Fatherhood has been one of the dominant themes of American moviemaking since the late `70s, when a small melodrama called ”Kramer vs. Kramer” came out of nowhere to clean up at the box office and sweep the 1979 Academy Awards. Such films as ”Table for Five” and ”Six Weeks” rushed in to fill the American public`s sudden craving for sensitive, caring, new wave dads, bravely raising their families in spite of the absence or indifference of a mother.
But these most recent papas seem fundamentally different from their late
`70s predecessors. ”Kramer vs. Kramer,” along with its many imitators, was a reaction against the feminist attitudes that had become
institutionalized in those years: If Mom was going to leave home all day to go to her own job, or even, as Mrs.

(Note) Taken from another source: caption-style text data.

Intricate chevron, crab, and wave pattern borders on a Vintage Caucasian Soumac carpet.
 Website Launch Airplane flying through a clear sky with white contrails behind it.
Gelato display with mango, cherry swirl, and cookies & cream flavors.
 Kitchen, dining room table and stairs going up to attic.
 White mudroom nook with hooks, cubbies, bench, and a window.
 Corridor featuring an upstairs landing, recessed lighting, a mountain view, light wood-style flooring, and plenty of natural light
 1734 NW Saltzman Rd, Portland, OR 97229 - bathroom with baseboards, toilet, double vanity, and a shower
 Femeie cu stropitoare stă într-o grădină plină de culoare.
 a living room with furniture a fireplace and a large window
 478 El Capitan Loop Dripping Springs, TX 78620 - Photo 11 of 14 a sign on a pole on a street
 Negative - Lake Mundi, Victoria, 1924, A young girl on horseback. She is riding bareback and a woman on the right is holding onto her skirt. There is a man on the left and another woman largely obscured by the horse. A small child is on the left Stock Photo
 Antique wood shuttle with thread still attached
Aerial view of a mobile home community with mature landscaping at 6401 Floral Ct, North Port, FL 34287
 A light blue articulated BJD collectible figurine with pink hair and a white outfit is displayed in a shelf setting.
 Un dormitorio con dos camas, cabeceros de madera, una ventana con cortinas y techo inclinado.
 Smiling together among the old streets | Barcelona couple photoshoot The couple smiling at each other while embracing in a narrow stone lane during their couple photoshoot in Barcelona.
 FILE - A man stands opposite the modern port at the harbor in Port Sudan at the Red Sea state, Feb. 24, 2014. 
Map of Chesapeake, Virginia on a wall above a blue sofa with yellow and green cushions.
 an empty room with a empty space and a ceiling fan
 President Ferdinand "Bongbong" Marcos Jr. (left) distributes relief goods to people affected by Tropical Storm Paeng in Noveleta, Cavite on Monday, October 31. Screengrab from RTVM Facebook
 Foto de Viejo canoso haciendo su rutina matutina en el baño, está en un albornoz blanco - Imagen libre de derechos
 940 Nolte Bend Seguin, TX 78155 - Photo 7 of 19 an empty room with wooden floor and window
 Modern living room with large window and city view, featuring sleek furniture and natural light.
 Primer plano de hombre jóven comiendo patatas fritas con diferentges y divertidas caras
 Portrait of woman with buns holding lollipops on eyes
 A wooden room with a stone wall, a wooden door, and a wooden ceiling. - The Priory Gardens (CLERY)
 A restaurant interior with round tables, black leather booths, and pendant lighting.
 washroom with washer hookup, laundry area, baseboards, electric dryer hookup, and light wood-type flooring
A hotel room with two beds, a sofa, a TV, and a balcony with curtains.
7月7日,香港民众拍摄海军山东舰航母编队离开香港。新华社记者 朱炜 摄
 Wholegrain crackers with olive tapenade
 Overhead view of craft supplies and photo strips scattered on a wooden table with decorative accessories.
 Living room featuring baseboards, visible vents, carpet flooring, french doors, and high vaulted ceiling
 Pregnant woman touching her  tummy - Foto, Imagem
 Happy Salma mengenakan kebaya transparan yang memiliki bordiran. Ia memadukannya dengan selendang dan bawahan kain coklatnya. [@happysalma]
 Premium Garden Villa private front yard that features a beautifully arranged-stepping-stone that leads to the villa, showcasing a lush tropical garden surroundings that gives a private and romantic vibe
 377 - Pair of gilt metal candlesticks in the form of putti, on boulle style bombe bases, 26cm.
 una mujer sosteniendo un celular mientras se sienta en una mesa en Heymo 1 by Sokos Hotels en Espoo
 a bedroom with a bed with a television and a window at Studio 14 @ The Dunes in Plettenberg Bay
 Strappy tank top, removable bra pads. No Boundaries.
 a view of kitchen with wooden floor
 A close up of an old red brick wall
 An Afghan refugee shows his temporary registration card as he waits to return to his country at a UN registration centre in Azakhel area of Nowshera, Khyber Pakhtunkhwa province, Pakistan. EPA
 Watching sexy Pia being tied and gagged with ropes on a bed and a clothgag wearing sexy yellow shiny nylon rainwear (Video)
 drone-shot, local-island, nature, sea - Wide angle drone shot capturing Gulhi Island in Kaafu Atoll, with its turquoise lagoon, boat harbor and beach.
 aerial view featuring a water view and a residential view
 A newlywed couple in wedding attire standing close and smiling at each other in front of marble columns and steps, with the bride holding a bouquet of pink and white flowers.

Kramer did, leave home entirely to ”find herself,” here was the proof that women weren`t really necessary–that fathers made the best mothers after all. Any dramatic change in a society, such as the one feminism produced in the `70s, is followed by an equally dramatic conservative reaction–and in our time, it has most often been movies and television that have played the role of social reactionary, seeking to recuperate and restore traditional values.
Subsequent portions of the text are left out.